:: TASK STATEMENT ::
Find "The first leaves", then copy its line and every later line of the entries exactly through the end, leaving all pictures out.
=== DATA PROVIDED ===
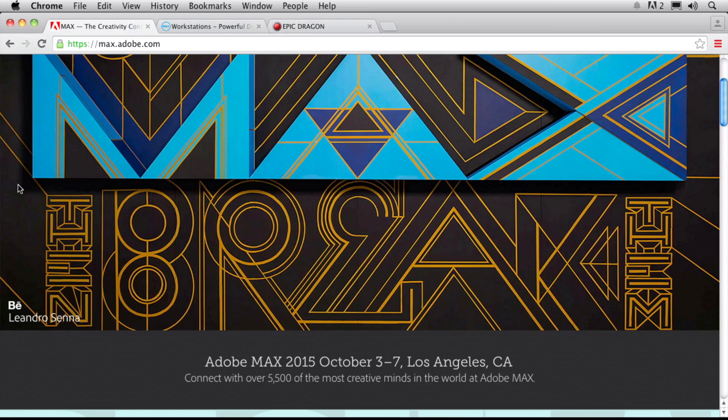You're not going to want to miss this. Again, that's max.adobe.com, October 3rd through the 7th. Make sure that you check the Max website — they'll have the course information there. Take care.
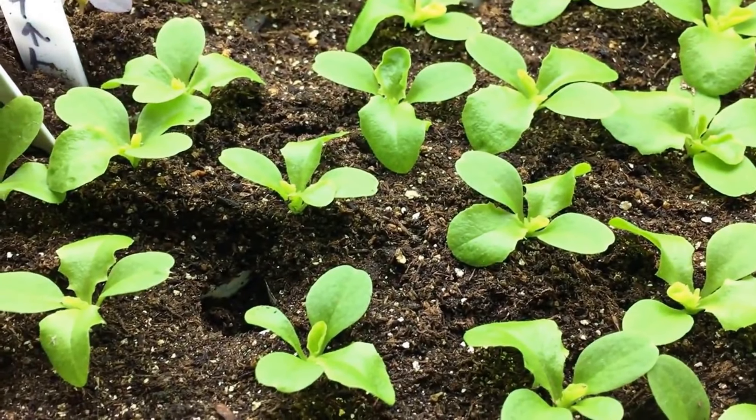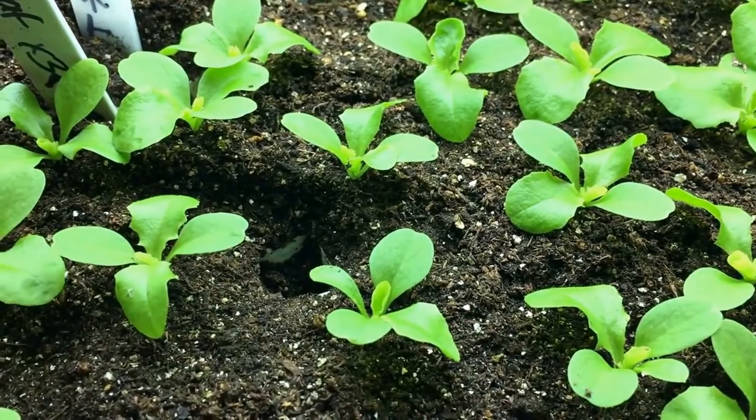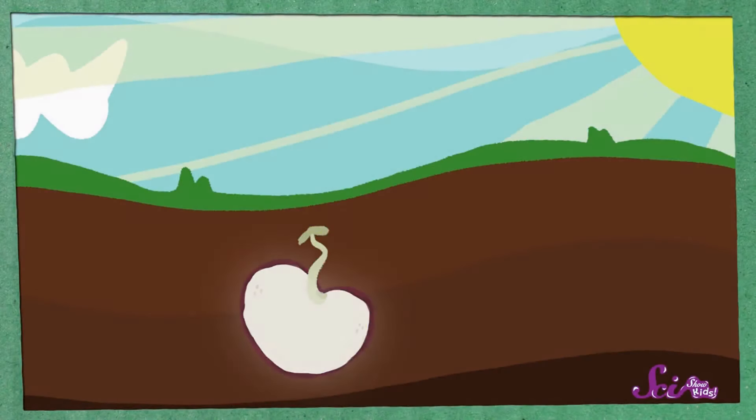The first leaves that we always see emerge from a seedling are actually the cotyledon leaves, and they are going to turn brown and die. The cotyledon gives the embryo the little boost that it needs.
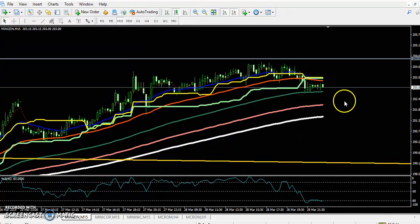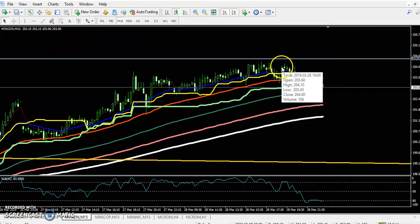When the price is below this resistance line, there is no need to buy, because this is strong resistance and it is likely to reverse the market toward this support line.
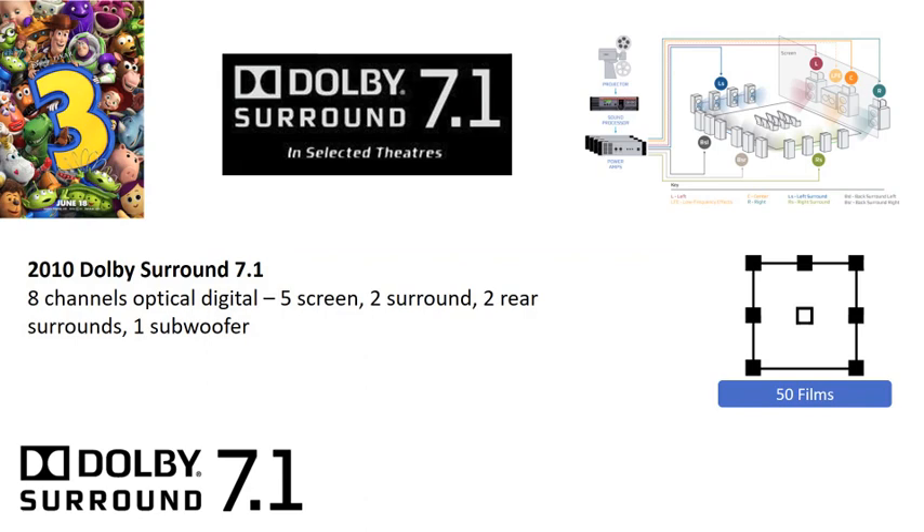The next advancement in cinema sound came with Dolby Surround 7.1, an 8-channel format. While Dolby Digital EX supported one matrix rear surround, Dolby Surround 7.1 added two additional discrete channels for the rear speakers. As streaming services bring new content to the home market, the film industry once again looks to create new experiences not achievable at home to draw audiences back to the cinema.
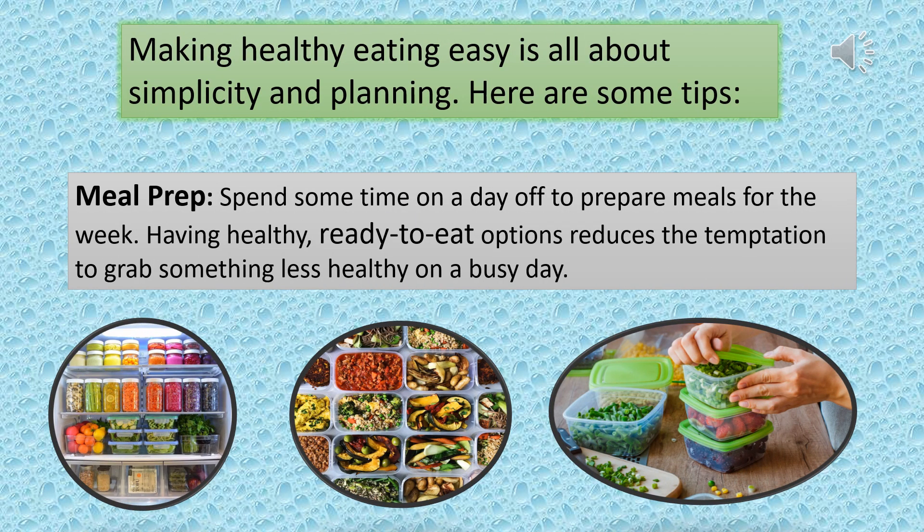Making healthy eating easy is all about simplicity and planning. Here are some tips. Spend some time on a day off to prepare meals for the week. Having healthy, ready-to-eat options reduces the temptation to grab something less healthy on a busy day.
===
:: TASK RESULT ::
The first leaves that we always see emerge from a seedling are actually the cotyledon leaves, and they are going to turn brown and die. The cotyledon gives the embryo the little boost that it needs.
When the price is below this resistance line, there is no need to buy, because this is strong resistance and it is likely to reverse the market toward this support line.
The next advancement in cinema sound came with Dolby Surround 7.1, an 8-channel format. While Dolby Digital EX supported one matrix rear surround, Dolby Surround 7.1 added two additional discrete channels for the rear speakers. As streaming services bring new content to the home market, the film industry once again looks to create new experiences not achievable at home to draw audiences back to the cinema.
Making healthy eating easy is all about simplicity and planning. Here are some tips. Spend some time on a day off to prepare meals for the week. Having healthy, ready-to-eat options reduces the temptation to grab something less healthy on a busy day.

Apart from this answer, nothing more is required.